The Club had some kind of VHF rig at the cook shack so you could work the Club
station with your own call (even Technicians). I think it was legit back then.
That August, Avery and I ride with my Dad's carpool to downtown DC, walk to the
FCC office to take the General test. Robbie shows up too! What a coincidence!
What a day! We all passed!!!
Field Day '62. Avery and I, just graduated from High School, are back on 15 CW
for W3RCN. I can't remember if Rob was there. Two new friends, younger, but
licensed longer than us, join us. VFO (maybe Avery's Heath VF-1); 3-el
homebrew beam (!!!!) on a push-up mast; 24 hours; 130 QSOs. What an
improvement!
(For one of those FD's -- I think it was the second one -- Avery and I built a
CQ wheel. sparky-sparky spark-spark-p-spark...)

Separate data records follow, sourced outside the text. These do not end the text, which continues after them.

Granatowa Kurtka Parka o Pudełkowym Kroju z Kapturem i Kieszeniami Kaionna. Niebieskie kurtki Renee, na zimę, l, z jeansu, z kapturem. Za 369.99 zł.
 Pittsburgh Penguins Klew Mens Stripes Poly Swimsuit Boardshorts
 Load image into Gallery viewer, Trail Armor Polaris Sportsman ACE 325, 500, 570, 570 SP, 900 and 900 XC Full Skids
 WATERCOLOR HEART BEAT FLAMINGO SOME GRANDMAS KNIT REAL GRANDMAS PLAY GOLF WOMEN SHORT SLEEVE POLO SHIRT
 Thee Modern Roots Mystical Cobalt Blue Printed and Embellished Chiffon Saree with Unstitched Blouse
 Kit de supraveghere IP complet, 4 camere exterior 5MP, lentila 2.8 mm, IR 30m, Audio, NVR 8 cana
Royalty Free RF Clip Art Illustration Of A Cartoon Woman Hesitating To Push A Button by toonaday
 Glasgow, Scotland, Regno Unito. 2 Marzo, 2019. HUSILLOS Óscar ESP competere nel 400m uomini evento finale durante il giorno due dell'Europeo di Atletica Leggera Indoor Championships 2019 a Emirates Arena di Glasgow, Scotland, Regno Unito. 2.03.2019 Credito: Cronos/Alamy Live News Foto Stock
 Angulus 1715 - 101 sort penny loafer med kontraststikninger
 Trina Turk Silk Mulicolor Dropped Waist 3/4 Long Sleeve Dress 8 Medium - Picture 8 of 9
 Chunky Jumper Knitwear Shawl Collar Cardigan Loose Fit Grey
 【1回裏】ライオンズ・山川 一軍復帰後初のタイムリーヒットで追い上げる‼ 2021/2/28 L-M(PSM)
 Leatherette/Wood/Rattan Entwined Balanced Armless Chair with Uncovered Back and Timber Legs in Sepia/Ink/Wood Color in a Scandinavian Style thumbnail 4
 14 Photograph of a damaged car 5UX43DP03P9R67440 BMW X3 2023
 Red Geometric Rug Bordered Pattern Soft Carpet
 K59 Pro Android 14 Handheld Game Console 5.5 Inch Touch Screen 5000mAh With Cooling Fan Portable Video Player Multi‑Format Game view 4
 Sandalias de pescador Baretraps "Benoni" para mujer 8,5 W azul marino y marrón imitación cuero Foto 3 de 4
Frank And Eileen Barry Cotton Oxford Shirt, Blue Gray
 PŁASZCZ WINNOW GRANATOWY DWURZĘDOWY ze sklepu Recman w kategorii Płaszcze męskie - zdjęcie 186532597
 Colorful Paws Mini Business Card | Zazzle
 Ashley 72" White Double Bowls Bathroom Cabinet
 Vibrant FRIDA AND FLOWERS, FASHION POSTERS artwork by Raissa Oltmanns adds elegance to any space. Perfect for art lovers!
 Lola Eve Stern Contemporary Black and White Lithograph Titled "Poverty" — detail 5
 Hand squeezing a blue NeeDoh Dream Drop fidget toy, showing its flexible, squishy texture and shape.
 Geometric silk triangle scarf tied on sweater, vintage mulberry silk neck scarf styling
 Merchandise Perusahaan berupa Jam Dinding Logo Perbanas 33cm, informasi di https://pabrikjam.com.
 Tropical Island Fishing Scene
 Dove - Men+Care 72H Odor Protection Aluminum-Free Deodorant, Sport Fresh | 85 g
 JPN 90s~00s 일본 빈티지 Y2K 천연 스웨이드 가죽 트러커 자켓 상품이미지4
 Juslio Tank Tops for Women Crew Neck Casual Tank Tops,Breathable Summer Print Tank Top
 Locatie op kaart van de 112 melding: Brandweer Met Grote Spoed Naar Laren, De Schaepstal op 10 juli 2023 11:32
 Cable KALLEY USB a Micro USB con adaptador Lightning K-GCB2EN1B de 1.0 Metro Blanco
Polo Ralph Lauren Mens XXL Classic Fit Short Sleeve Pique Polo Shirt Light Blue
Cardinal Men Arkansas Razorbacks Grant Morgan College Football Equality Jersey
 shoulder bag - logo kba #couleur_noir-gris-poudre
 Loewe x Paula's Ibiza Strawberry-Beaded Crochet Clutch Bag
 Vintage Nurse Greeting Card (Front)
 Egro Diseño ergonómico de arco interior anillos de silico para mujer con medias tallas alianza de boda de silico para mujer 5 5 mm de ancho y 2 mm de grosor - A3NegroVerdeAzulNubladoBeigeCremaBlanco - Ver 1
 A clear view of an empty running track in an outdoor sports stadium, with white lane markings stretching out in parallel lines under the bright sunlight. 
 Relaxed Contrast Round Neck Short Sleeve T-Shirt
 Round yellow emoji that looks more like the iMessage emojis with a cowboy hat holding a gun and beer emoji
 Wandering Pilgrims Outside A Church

My first "real" contest was the 1962(?) Delaware QSO Party; you can imagine how
many QSOs a one-band non-Del station made. After that, off to W1MX, where I
came under the guidance of, inter alia, K4BVD, K4RID, and the aura of W4YHD and
K2KIR. (And where, as I have mentioned, I got us DQ'd from the 1963 ARRL DX
CW.)
So, other than more reminiscing, what's the point of all this? I'm somewhere
in the middle of the age cohort here, but I'll bet none of us considers
ourselves old. There's only about one month until SS CW. (I hear that there
is some kind of 'fone DX test before then.) All right! Let's go!!